We need clear regulations, with clear public auditing, to ensure that compliance is tested, and documented. And we need it to be applied muscularly, to everyone, without exception. We should remember, after all, that drug companies compete against each other, and they play by the rules we set as a society. If the rules permit dodgy practices, then companies are practically compelled to play dirty, even if the personnel know that their actions are morally wrong, and even if they want to do the right thing.
This is particularly well illustrated by a recent episode from Australia. The government commissioned a lengthy review on how to regulate bad pharmaceutical marketing. This review made clear policy recommendations to preve
nt misleading and dangerous practices, and those new regulations would have brought all companies in line with a best practice code that was already followed by members of Medicines Australia, the major industry body. But in December 2011 the government rejected this review. It was going to leave the industry free to engage in dodgy dealings, and the clearest criticism came, not from campaign groups, but from the drug companies themselves.

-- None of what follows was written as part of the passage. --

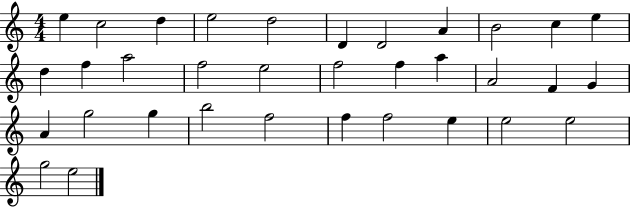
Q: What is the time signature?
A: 4/4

Why would anyone follow the best practice in their voluntary code now? The press release put out by Medicines Australia was brutally honest: ‘our member companies are [going to be] disadvantaged by doing the right thing’.5
In a moment we will look at what good regulations would look like in practice (it’s not a difficult problem to solve), and what individuals can do to make them happen. We will also, more excitingly, think through the future of medicine, in an age of ‘big data’, when evidence is cheaper and easier to produce than ever before.
But before we get there, we need to remember that this isn’t simply about fixing the problem, starting from now. Because even if we set aside the ongoing failure of industry and regulators to address these problems, patients are still being harmed, every day, by the actions of the pharmaceutical industry over the past few decades. It’s not enough for companies simply to promise change in the future (and they’ve not even delivered on that). If the industry wishes to make amends for past crimes, then it needs to take serious action, today, to reverse the ongoing harm that still results from their previous behaviour.